Не упомянут Бату и в послании германскому королю Конраду IV, направленном в 1241 г. венгерским королем Белой IV, против которого Бату сражался у Шайо. Почему? Ведь Бату еще до сражения неоднократно направлял Беле послания — и великого хана, и свои собственные. Возможное объяснение отсутствия сведений о Бату в королевском послании позволяет найти его текст: «Ибо Он, по чьему приказанию управляется мир, из-за грехов людских, как мы твердо верим, допустил, что свирепые народы, называющие себя татарами, пришли с востока, как саранча из пустыни, и опустошили Великую Венгрию, Булгарию, Куманию и Россию, а также Польшу и Моравию... А так как мы сопротивлялись не без больших потерь в людях и имуществе, судьба была снова неблагосклонна к нам.
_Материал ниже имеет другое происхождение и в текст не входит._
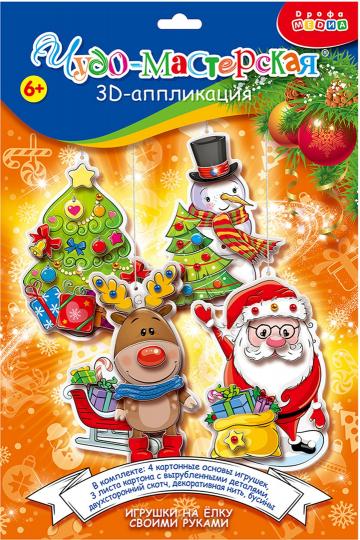 Набор для творчества Дрофа-Медиа 3Д аппликация Новогодние игрушки своими руками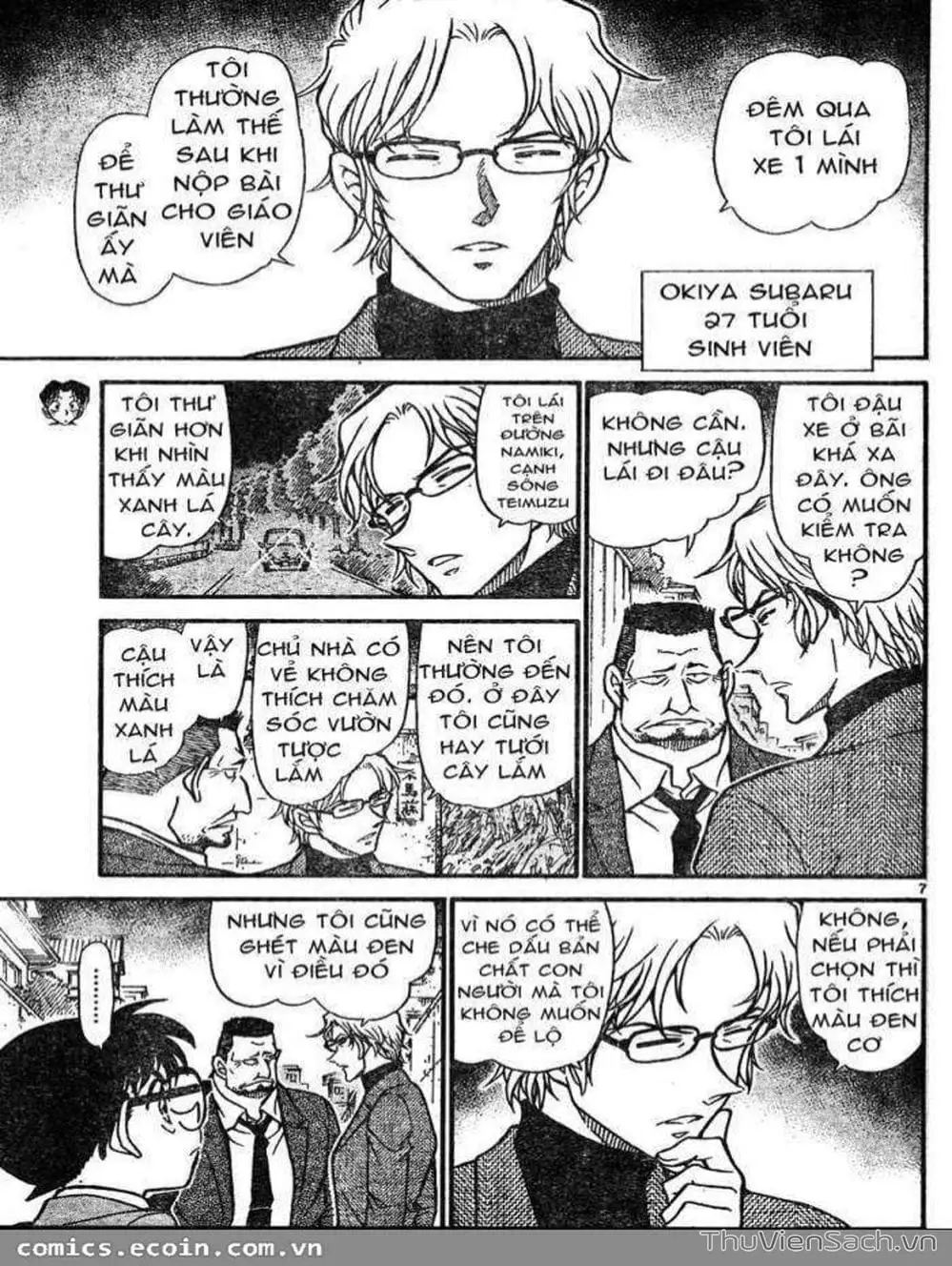 Truyện Tranh Thám Tử Lừng Danh Conan trang 5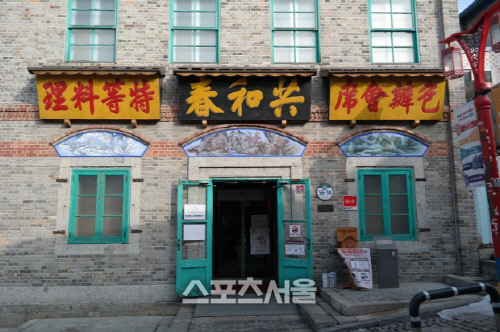 SSI_20190509091826_V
Тот, к кому мы забросили якорь нашей надежды, заставил нас, из-за грехов наших, понести поражение» [Goeckenjan 1985]. Как видим, в письме ярко отражены традиционные для западноевропейского общества того времени апокалиптические мотивы, нашествие монголов рассматривалось как кара господня, а их войско сравнивалось с саранчой. Видимо, в глазах европейцев оно представляло собой безликую угрожающую толпу, в которой не имело смысла выявлять отдельных предводителей,
В еще одном документе — письме германского императора Фридриха II Гогенштауфена королю Англии Генриху III Плантагенету, дошедшем до нас в составе «Великой хроники» Матфея Парижского, имя Бату также отсутствует. Император ссылается на информацию, полученную от Стефана II, епископа Вацского, который был отправлен в Германию королем Белой IV. Благодаря сведениям венгерского прелата император сумел весьма подробно описать действия монголов — от разгрома кипчаков («куманов») и русских до вторжения в Польшу и Венгрию. В письме присутствует такая строка: «Однако он имеет повелителя, за которым следует, которому послушно повинуется и [которого] почитает и величает богом на земле» [Матфей Парижский 1997, с. 276]. Полагаю, имеется в виду именно Бату — речь идет о предводителе, за которым монголы следовали, а не о великом хане, находившемся в своей столице. Но имени «повелителя» Фридрих II все же не называет, хотя должен был бы узнать его от посланца венгерского короля, а уж тем более — если бы сам состоял с ним в «переписке», на которой настаивал Л. Н. Гумилев!